Academic-literature. Nature of info: info-content of each item is heterogeneous and multi-aspect. Usage of info: Writing. Papers are reviewed and notes are taken, different bits of info to be used in different chapters and projects. Role of tags: A way to consolidate and retrieve my repository of knowledge for each specific categories (abstract, theory, topic and subject of study, methodology, model, variable designs, etc.). Groups are more for the purpose of project management (by using replicants).

Before: I put all the literature in one group. I review and create one main annotation for each literature. I tag the literature during the review. I need to remind myself to copy different bits from the main annotation to another set of category-specific notes to consolidate similar thoughts and knowledge. I use labels for review status and CMD for static info (year, journals, etc.)
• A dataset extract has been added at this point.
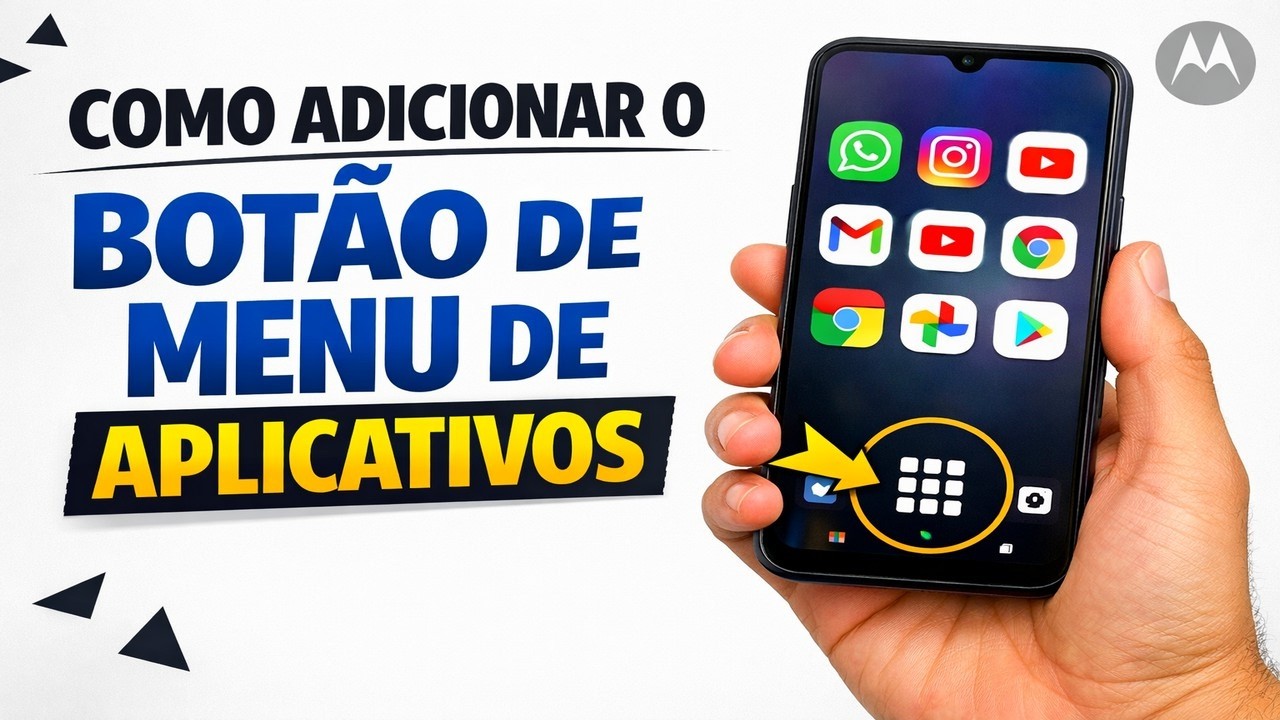 ► Como Adicionar o Botão de Menu de Aplicativos no Motorola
Problems: (1) I can’t tag literature consistently. I use many variations of tags for the same category. Sometimes, I should to assign similar tags in different main tags categories and I missed (e.g. The tag “S.Institutions” is in topical and "“V.Institutions” is in variable design tags group respectively, and I only tag one of them). (2) If I forgot to copy and consolidate the different bits of info (which happened frequently) from main annotation into category notes, the ideas/knowledge are lost. I need to use tags or labels to filter all reviewed literature and to find out whether I have missing bits. (3) Each literature is info-rich. Even I manage to tag diligently and correctly. When I use tags to filter the relevant papers/annotations, I still need to search for the relevant bits within the doc.
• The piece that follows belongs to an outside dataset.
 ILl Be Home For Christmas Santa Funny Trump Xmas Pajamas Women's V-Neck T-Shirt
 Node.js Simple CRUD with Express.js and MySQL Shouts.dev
I now experiment taking notes by bits.
(1) When I review an article, I use ‘stack’ to create and tag each index card ( with quoted text) and write down my ideas, or just an index card with only notes but is linked to a certain page. Since the info-content of each index card are much more specific, I am more confident to tag it correctly, and the constrained tags list is helping me to tag consistently. The concordance-based tags suggestion based on a small block of text are becoming more relevant, too.
(2) Since all bits from the same literature are under the same stack and sorted, I can choose to combine all cards, after a full review, into one document and make it the main annotation.
(3) I use sTag to create smart groups to gather catagory-specific cards from all stacks (ie documents), I no longer need to create another set of consolidated notes and I will no longer be losing my knowledge (if I can tag consistently!).
(4) I still tag the literature but in broader categories. The suggestion of tags based on “see-also” helps a little bit. I also always create the first index card to contain the abstract of all literature I index into DT (reviewed or not). With a smart group holding all abstracts, I can take a snapshot on my pool of literature and choose which one to review.
(5) I use pTag to create cross tables of tags. So it is now easier for me to to know which literature is reviewed or what literature is available under different categories of tags in a snapshot. pTag also helps me to know the quality of my tagging.

This workflow is still experimental, and I continue to make many custom-changes to my scripts. Creating the right tags in my tags tree and tagging the bits correctly are still depeneding on my quality as a researcher. But my knowledge won’t get lost now, and I can retrieve and review my ideas with much higher precision and efficiency . Obviously, I still need to open 10+ papers for ad hoc searching during writing (the first or second review are never perfect)! I also need to gradually breaking down all of my previous annotations into bits!